Brazil: A Biography
by Lilia Schwarcz and Heloisa Starling, Allen Lane, 761pp, £30
In a now famous book of 1928, Manifesto Antropófago, Brazil’s leading modernist poet, Oswald de Andrade, described Brazilian culture as anthropophagic, or “cannibalistic”, eating other forms of European and African literature and music.
Brazil itself is a land of bewildering mixed bloods and ethnicities: Italian, Spanish, Jewish and aboriginal Tupi-Guarani Indian have all intermarried to form an imponderable blend of South American peoples.
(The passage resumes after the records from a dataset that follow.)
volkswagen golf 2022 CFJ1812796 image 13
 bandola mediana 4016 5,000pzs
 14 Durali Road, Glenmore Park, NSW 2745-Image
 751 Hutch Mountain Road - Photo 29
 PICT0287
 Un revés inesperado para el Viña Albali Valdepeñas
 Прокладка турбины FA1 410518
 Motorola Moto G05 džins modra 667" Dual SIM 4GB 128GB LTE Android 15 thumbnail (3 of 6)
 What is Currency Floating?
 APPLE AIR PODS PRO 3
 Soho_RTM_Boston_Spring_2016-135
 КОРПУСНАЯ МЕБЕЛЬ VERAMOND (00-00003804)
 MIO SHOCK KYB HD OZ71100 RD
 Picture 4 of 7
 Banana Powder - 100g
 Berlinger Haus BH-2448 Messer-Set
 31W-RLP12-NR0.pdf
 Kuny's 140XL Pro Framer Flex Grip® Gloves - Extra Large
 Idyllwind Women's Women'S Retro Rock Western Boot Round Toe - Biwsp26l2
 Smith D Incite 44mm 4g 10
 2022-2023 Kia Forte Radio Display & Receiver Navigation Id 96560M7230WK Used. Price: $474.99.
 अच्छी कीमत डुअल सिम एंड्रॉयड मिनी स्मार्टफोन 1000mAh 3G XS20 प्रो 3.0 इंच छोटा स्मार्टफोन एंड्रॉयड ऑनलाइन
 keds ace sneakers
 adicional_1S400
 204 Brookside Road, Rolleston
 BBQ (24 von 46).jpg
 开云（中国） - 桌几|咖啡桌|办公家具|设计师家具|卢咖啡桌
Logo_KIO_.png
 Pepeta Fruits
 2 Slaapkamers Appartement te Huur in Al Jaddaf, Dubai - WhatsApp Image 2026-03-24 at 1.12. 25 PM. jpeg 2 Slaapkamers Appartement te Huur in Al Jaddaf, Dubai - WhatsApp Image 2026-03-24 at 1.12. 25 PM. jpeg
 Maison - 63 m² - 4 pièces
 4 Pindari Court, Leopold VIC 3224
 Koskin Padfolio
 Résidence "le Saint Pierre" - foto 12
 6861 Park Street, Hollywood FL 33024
Brazil’s very fabric is mestizo, or “mixed”, according to Brazilian academics Schwarcz and Starling, co-authors of this lively history of the country.
Brazilian music, for one thing, could not be more of a cultural mish-mash. Bossa nova in its heyday, from 1958 to 1964, merged elements of Chopin, Miles Davis, candomblé and Catholic ritual, as well as “off-key” (desafinado) samba notes. It was a sort of New World blues, suffused with a hushed intensity of emotion.
Music is a serious business in Brazil. The peerless bossanovista João Gilberto, who crops up in this book, awakened the imagination of Brazil and the wider world to the insouciant swinging rhythm and languid jazz tones of a new dance beat. In the early 1960s, his fragile singing voice sounded cool, new and modern.